Differences between PyPy and CPython¶
This page documents the few differences and incompatibilities between the PyPy Python interpreter and CPython. Some of these differences are “by design”, since we think that there are cases in which the behaviour of CPython is buggy, and we do not want to copy bugs.
Differences that are not listed here should be considered bugs of PyPy.
Extension modules¶
List of extension modules that we support:
Supported as built-in modules (in pypy/module/):
__builtin__ __pypy__ _ast _codecs _collections _continuation _ffi _hashlib _io _locale _lsprof _md5 _minimal_curses _multiprocessing _random _rawffi _sha _socket _sre _ssl _warnings _weakref _winreg array binascii bz2 cStringIO cmath cpyext crypt errno exceptions fcntl gc imp itertools marshal math mmap operator parser posix pyexpat select signal struct symbol sys termios thread time token unicodedata zipimport zlib
When translated on Windows, a few Unix-only modules are skipped, and the following module is built instead:
_winreg
Supported by being rewritten in pure Python (possibly using cffi): see the lib_pypy/ directory. Examples of modules that we support this way: ctypes, cPickle, cmath, dbm, datetime... Note that some modules are both in there and in the list above; by default, the built-in module is used (but can be disabled at translation time).
The extension modules (i.e. modules written in C, in the standard CPython) that are neither mentioned above nor in lib_pypy/ are not available in PyPy. (You may have a chance to use them anyway with cpyext.)
Subclasses of built-in types¶
Officially, CPython has no rule at all for when exactly overridden method of subclasses of built-in types get implicitly called or not.

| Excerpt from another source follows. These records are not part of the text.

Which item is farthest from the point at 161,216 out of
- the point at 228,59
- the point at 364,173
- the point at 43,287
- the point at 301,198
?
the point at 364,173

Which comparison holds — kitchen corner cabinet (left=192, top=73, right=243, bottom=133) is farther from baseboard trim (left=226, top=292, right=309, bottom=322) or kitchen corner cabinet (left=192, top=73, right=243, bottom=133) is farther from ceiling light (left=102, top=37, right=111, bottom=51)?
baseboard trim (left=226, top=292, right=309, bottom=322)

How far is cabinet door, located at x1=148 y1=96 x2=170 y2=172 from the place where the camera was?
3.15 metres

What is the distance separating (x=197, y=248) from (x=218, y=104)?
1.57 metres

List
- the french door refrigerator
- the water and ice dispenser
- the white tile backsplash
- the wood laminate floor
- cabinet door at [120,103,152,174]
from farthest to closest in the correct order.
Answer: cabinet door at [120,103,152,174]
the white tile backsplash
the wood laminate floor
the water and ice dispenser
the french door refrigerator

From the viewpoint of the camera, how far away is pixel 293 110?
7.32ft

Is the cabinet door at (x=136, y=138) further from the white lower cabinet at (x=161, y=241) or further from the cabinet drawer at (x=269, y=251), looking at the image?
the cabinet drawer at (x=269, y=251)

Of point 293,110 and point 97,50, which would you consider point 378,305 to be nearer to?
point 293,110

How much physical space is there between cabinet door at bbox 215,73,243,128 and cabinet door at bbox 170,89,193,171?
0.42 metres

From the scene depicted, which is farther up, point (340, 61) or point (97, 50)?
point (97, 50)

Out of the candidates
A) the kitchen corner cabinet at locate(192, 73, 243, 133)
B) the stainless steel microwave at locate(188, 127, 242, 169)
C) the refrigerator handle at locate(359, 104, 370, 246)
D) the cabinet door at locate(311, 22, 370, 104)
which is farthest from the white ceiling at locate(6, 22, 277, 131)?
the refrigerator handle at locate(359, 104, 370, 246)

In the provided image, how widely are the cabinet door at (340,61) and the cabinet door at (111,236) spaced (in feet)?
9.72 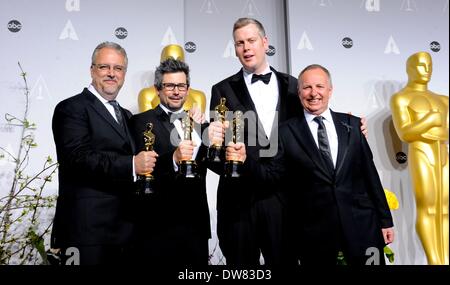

As an approximation, these methods are never called by other built-in methods of the same object. For example, an overridden __getitem__() in a subclass of dict will not be called by e.g. the built-in get() method.
The above is true both in CPython and in PyPy. Differences can occur about whether a built-in function or method will call an overridden method of another object than self. In PyPy, they are generally always called, whereas not in CPython. For example, in PyPy, dict1.update(dict2) considers that dict2 is just a general mapping object, and will thus call overridden keys() and __getitem__() methods on it. So the following code prints 42 on PyPy but foo on CPython:
>>>> class D(dict):
.... def __getitem__(self, key):
.... return 42
....
>>>>
>>>> d1 = {}
>>>> d2 = D(a='foo')
>>>> d1.update(d2)
>>>> print d1['a']
42
Mutating classes of objects which are already used as dictionary keys¶
Consider the following snippet of code:
class X(object):
pass
def __evil_eq__(self, other):
print 'hello world'
return False
def evil(y):
d = {x(): 1}
X.__eq__ = __evil_eq__
d[y] # might trigger a call to __eq__?
In CPython, __evil_eq__ might be called, although there is no way to write a test which reliably calls it. It happens if y is not x and hash(y) == hash(x), where hash(x) is computed when x is inserted into the dictionary. If by chance the condition is satisfied, then __evil_eq__ is called.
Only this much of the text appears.